Slope differences and interaction patterns

In general, examining the slopes provides valuable information regarding how increases in SNR are translated into increases in speech recognition performance under the different conditions.

A noise masker is unlikely to elicit any activation in the semantic or linguistic processes. As such, the interference it causes is essentially energetic. Energetic masking is considered to be less subject to listener control compared with informational masking (Mattys, Davis, Bradlow, & Scott, 2013). When the masker is noise it is reasonable to assume that a greater weight will be assigned to basic auditory processes, rather than to high-order processes, in order to minimize the impact of the energetic masking. Therefore, it is not surprising that the slopes calculated for the Noise condition are steeper than those found for Babble and Speech.

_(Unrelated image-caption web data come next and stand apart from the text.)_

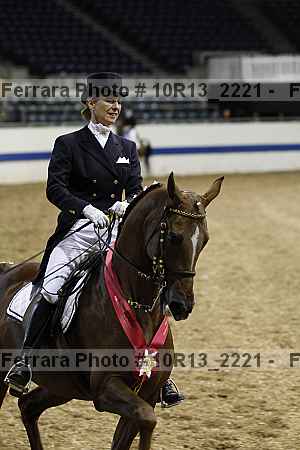 Proof 10r13_2221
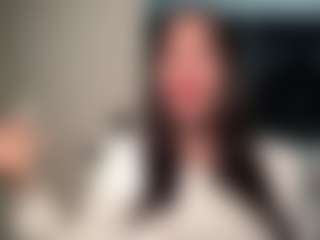 Live cam show with theofficialegypt - Spy Curvy on CamwithHer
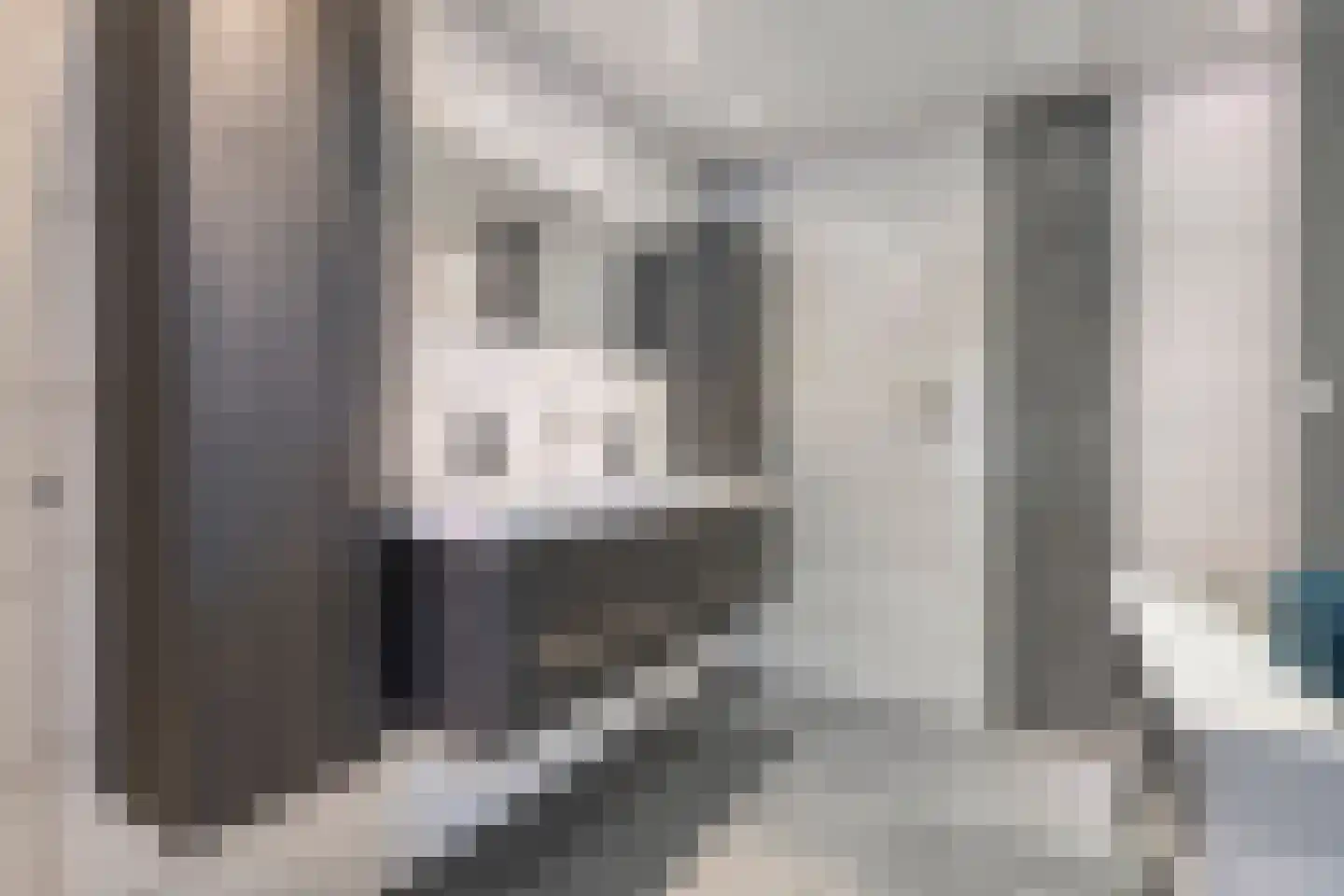 Hoofdweg 113 De Krim thumbnail 36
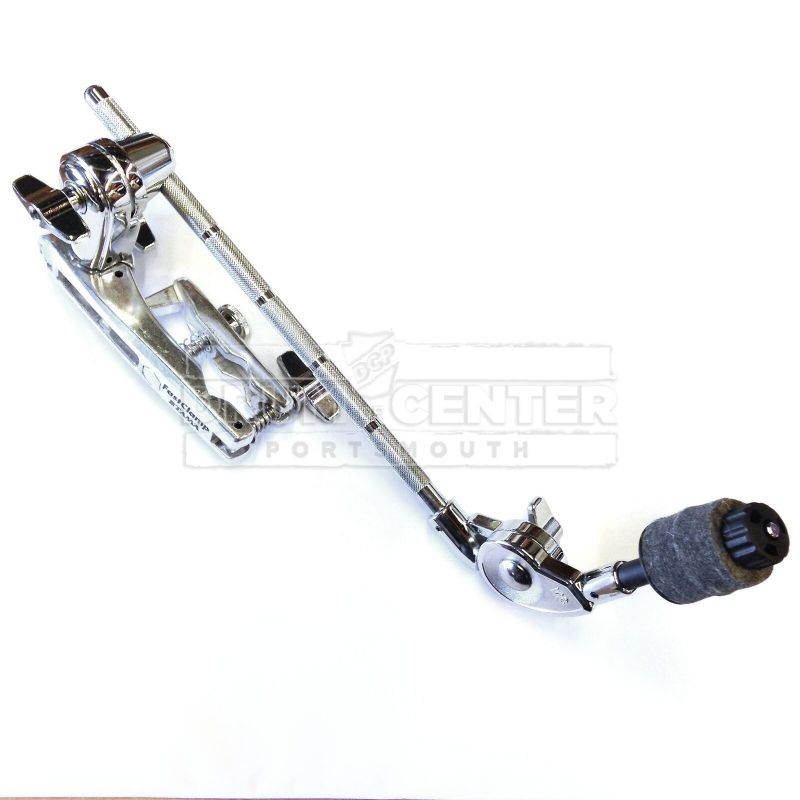 Tama Parts: Cymbal Attachment for Cocktail Jam Kit - MCA5366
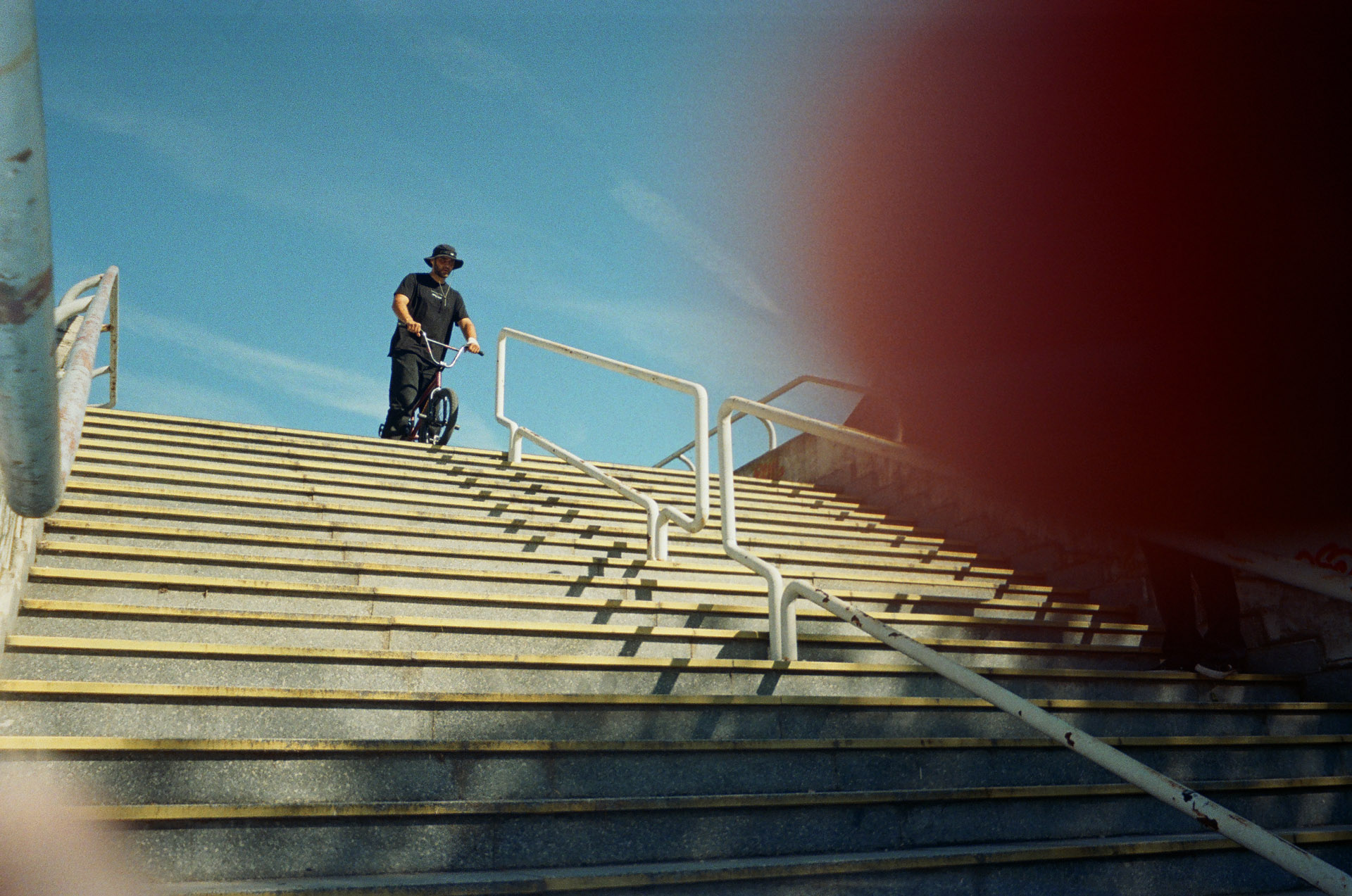 No way you are thinking about this Magic…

In the current study, participants were also asked to complete two tests that are measures of language competence. The Mill Hill provides an estimate of the individuals’ vocabulary knowledge, while the Nelson-Denny reflects the processes and skills involved in reading and comprehending written prose. The individual scores were centered within each group and the individual differences were correlated with the speech recognition results in order to examine whether the processes and skills that these two cognitive tests measure could account for individual differences in speech recognition performance. The results showed that the vocabulary knowledge of the listeners interacted with Masker Type in this study. When the masker was Speech, higher vocabulary knowledge was significantly correlated with lower (better) SNR recognition thresholds. However, there was no indication that reading comprehension skills were related to individual differences in speech recognition. These results imply that the speech recognition task employed here did not require a substantial engagement of the types of cognitive and linguistic processes tapped by the reading comprehension test. The young native-English listeners who participated in the current study do not seem to feel the need to engage higher-order processes to complete the recognition task given here.

The results of the current study may have important practical implications as they call for a reassessment of how surround-sound systems should be designed and soundtracks should be mixed and assigned to channels in order to enhance speech recognition. For example, when amplification is used, theatres could assist their audience, especially those experiencing difficulties, by presenting the voice of an actor or actress using a single loudspeaker to maintain compact images for the voices while presenting the background sounds using loudspeakers placed all around the audience to create a contrast between the compactness of the target voices and the diffuseness of the background, and reduce the SNR needed for speech recognition because of the troughs in the masker’s spectrum created by comb filtering. On a similar note, television and movie sound technicians may want to mix the target voices into a limited number of channels so that they have a more compact location in space and are less subject to comb-filtering effects.

Future studies should further investigate the effects of different amplification compositions on the ability of listeners of different ages and hearing statuses, to analyse the auditory scene and successfully perceive the target speech. In addition, with the current results in mind, it would be of value to design a future study that would differentiate the effects due to comb filtering from those due to timbre differences.

Authors’ Note

This research was supported by a grant from the Natural Sciences and Engineering Research Council of Canada (RGPIN 9952-13). The authors thank Jane Carey for assistance in recruiting participants and collecting data. The authors also would like to thank James Qi for his work in programming the experiments.

Open Practice Statement

The data and materials for all experiments reported here are available upon request from the first author. The experiment was not preregistered.